Maybe they used beets that weren’t pickled enough. Or maybe it was drowned out by the bacon and fried egg. It just didn’t have enough ‘oomph’. Is it supposed to be like that?
(I did make a burger with beet at home once, only I used regular canned beats instead of pickled beets.)
(One rarely sees beets served in a restaurant. Last week I ordered a fried haddock sandwich and asked for the vegetable of the day instead of fries - imagine my surprise when she brought beets! She actually apologized and said she’d take it away and bring me applesauce if I wanted, but I said, oh, what the hell, won’t kill me!.) I could see beets on a burger, if they were pickled - we eat pickles on them sometimes, after all.
The Boston area is lousy with beets these days. The local foods renaissance means that beets, one of the things New England can produce really really well and have available cellared all winter, are becoming pretty ubiquitous in restaurants I frequent. And I love it! I love beets.
I have an Aussie friend who has been living here in the states for about 4 years now. She wasn’t quite happy with either the canned beets or the pickled beets she was trying to use on hamburgers. I had her try Harvard beets and she said those are the closest to what she had on burgers at home in Sydney. Her biggest complaint now is the beets in jars here are tiny. She likes huge slices so that only one slice is needed for a burger. I’ve only seen fresh beets that big, never in cans or jars.

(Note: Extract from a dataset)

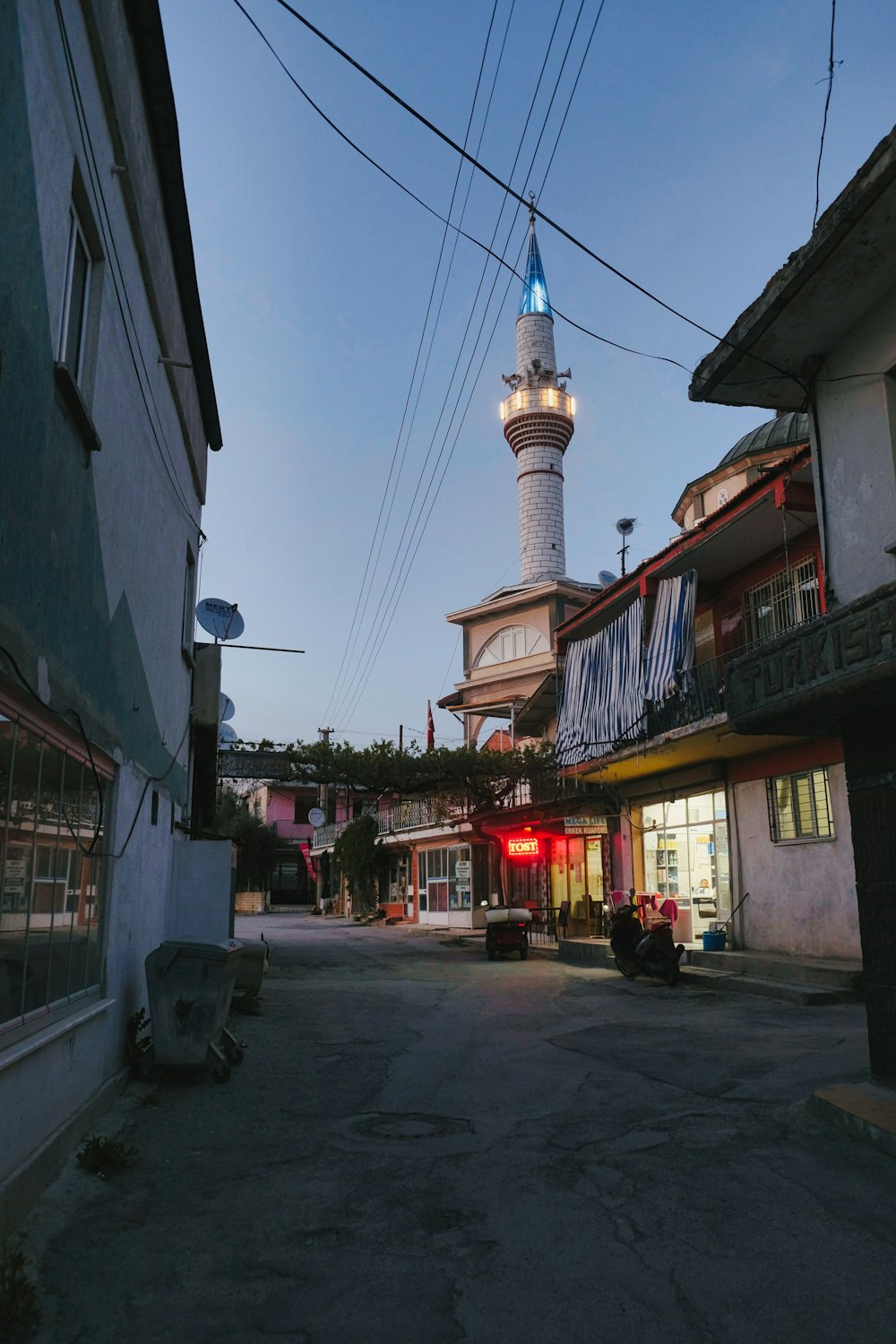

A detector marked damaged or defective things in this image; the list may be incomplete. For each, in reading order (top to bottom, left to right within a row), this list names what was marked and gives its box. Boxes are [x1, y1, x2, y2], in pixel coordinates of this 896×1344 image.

cracked pavement [15, 914, 896, 1344]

I’ve never had them on burgers, so I can’t respond to that.
What I can say is that if you have leftover pickled beets, throw them on a salad. We have them on Chef’s Salads and they add so much that we don’t even bother to make 'em if we’re out of pickled beets. There’s some sort of play between pickled beets and hard-boiled eggs and cheese that is really, incredibly good. Oh, and the other veggies and lettuce are good, too.
I experienced the burger with beetroot a couple of times in New Zealand. The first time was on a somewhat large deluxe burger (from the Snack Shack in Te Anau, IIRC) with all manner of uncommon but justifiable toppings. Fried egg? Good; I’ve had that before. Slice of ham? Good idea. Pineapple ring (canned)? Well, since there’s ham, it should work. But then beetroot? On top of the egg and ham and pineapple and other sundry orthodox burger toppings? Why? It struck me as such a non-sequitur. For the record, the whole thing fell apart on me, so I couldn’t really evaluate the beet’s effect on the burger’s gastronomical alchemy.
Beetroot in a hamburger is fine. It performs the same function as a bread-and-butter pickle does in American food (though I prefer straight dills on my burgers.) A little sweetness and a little acidity to balance with the fat of the burger. I approve of beetroot on burgers.
I was trying to come up with an explanation for why, and I think that’s it. I love that bit of acidity you get from them. But it’s not quite as harsh (well harsh to me) of a full blown pickle.
(About the only place you’ll get pickles on a burger in Oz is in a Macca’s Quarter Pounder or Cheeseburger.)
That’s why I compare it to the bread & butter pickle. I find that to be particularly mild, with the acidity balanced by the sweetness. Dills are a bit sharper. But I can see what you’re saying. I think the acidity in the beetroot might be even more tempered.